Leadership as “Decision Making”

©2011 Todd Rossnagel

I know I might be stating the obvious but leaders “make decisions.” Everyday a variety of choices and options come through our lives. These choices and options do not just impact us but as congregational leaders they impact people given to our care. Our decision making affects a whole community.

We make decisions everyday. Most of these might have little to do with what we normally might call “pastoral” responsibilities. These decisions are about roofs, staff sales calls, other leaders, opportunities, and room assignments.

Then there are those times when the “decision making” is serious. People’s livelihoods are at stake, the state of their inner lives is on the line, the reputation of the body could be damaged. In these cases decision making matters and not making a decision could be even worst than making the wrong one. The leader must lead, must decide, and must carry the burden of the community’s life together.
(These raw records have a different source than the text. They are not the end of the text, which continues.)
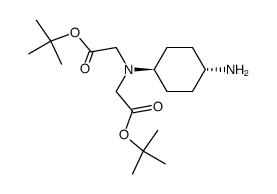 di-tert-butyl trans-(4-aminocyclohexylamino)diacetate Structure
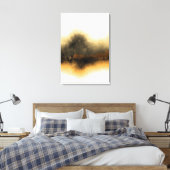 VERLOREN IN MISTY GOLD LEINWANDDRUCK (Insitu (Schlafzimmer))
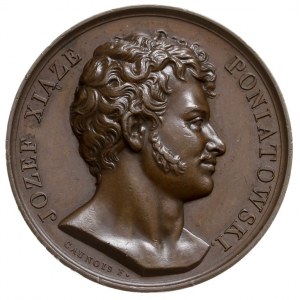 śmierć księcia Józefa Poniatowskiego -medal autorstwa F...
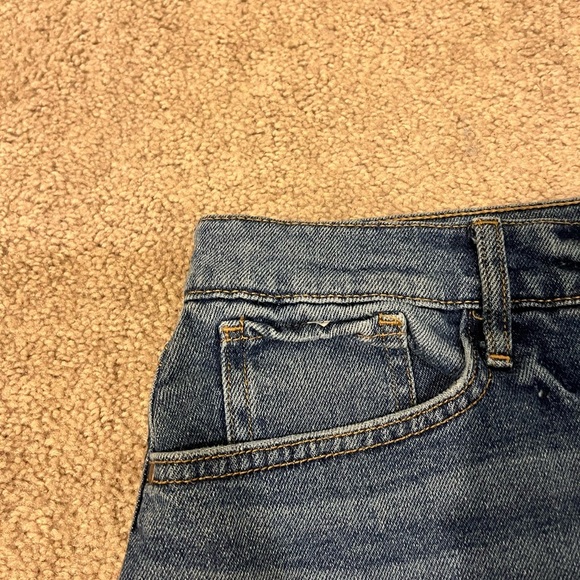 A.N.A. Frayed Hem Denim Jean Skirt - Picture 3 of 7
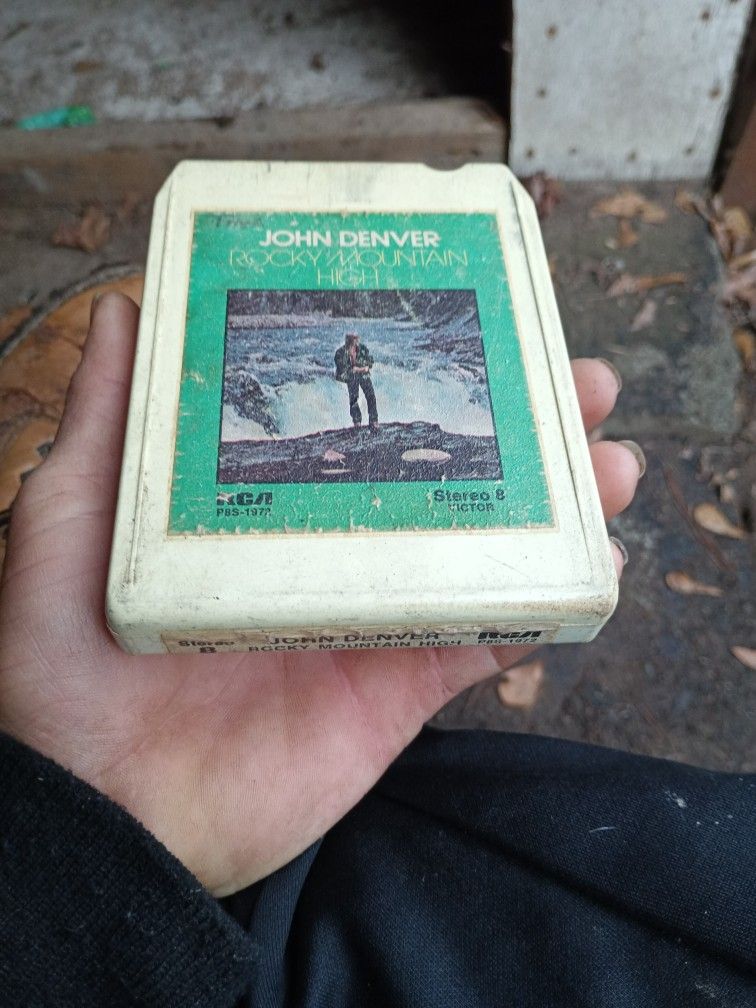 1972 John Denver Rocky Mountain High 8-track Cartridge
How does the leader make such decisions? Does “decision making” matter?

The Spiritual Exercises of Ignatius of Loyola tells us:

By the grace of God, we are meant to recognize the influencing powers by evaluating those motions which are good so that we might let them give direction to our lives and those which are bad so that we might reject them or turn aside from them.

David L. Fleming from Draw Me Into Your Friendship – The Spiritual Exercises: A Literal translation & A Contemporary Reading

Decision making in the Christian community is not done alone. As a leader we lean on the practices of our community. We lean on discernment to help us “lean into” what God might be inviting us into through our decision making. The community story and its participants are also guides. The leader must surround him/herself with wise counselors and advisors to help “think through,” to assist in “testing the spirits,” to help “see God’s vision” in the decision making.
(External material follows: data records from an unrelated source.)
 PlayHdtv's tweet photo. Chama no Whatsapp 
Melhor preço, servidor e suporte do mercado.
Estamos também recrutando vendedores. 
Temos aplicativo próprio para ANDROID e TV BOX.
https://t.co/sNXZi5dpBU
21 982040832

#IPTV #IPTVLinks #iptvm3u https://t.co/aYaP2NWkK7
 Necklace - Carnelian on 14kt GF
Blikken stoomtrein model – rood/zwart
It is easy to want to do it alone, to carry the entire burden and to desire to be the savior through our decision making.
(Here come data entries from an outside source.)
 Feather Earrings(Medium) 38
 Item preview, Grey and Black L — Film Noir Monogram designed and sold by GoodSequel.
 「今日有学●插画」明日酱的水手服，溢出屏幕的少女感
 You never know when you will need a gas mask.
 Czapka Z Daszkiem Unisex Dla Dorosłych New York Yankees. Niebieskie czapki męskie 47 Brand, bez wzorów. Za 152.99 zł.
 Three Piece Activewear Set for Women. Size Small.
It is also easy to not want the burden of the decision making. To hide, put off, minimize, or ignore. Here we wish it would go away or we ask another to make the decision for us.

Both extremes negate the power of the Spirit that moves in each of us and in the community we call the church; the power that connects us to one another and has been called upon the ordained for the task of leadership in the Christian community. The power of the Spirit gives us the wisdom to evaluate the spiritual motions in the everyday decisions of pastoral ministry.

Decision making matters! I am learning to lean on the Spirit, to continue praying for clarity and to be willing to engage those “wise sages” that form the inner circle of my relational life. I am learning to test the spirits and make decisions with confidence, boldness, and humility.

Leadership as “Vision Casting”

"Whitby" by James Whitesmith

I’ve been wearing glasses since the 8th grade. I can still remember attending chapel with my parents during my 8th grade year and having my dad ask me if the preacher always wore the same suit and tie to chapel to which I responded that he was too far away for me to see him, he looked blurry. The next day I went to the eye doctor for the first time. A week later my first pair of glasses arrived and when I put them on it was like a miracle! I could see far away, I could see the leaves on the trees, and the birds flying in the sky. I also could see that the preacher did wear the same suit and tie to chapel every week.

To cast something is to make a copy of it, a representation in three dimensional form, from a mold. The mold is not the actual item, the final product is, but the mold itself has to be made, has to be formed by an original of something.

Another definition of casting is throwing a fishing line. Here the fisherman chooses the bait that will be attached to the line and casts that line with the bait in the appropriate place for a successful catch.

I’ve heard many congregational leaders refer to vision casting as the second definition. Here the leaders chooses the bait and throws out the vision in hopes that the congregation will “bite.” More often than not, like fishermen, the leader finds him/herself bringing the line back and throwing it out there over and over again. Frustration sets in, the bait is changed, but little else does. Is the congregational leader really a “vision caster?”

Yes!

I’ve been thinking that the casting that we do is not of the fishing type but of the mold type. The mold is the shape of God’s kingdom and we as pastors come with the symbols, images, stories, and gestures (thanks Gordon Lathrop) of the Christian faith and begin to give shape to God’s kingdom in a particular place at a particular time. The vision is cast and if observed carefully and interpreted, the vision will begin to bear fruit in its particular place and time.

The leader is constantly pointing back at the vision of God’s kingdom. Constantly reminding the community of its shared story, of its identity, of its mission in the world. At each turning point there are decisions to be made about life together, about bills, buildings, resources, and relationships. The pastoral leader goes back in each case to the cast vision, to how these characters of life together can best be utilized/deployed for the vision that has been cast, for the re-presentation of God’s kingdom in this place.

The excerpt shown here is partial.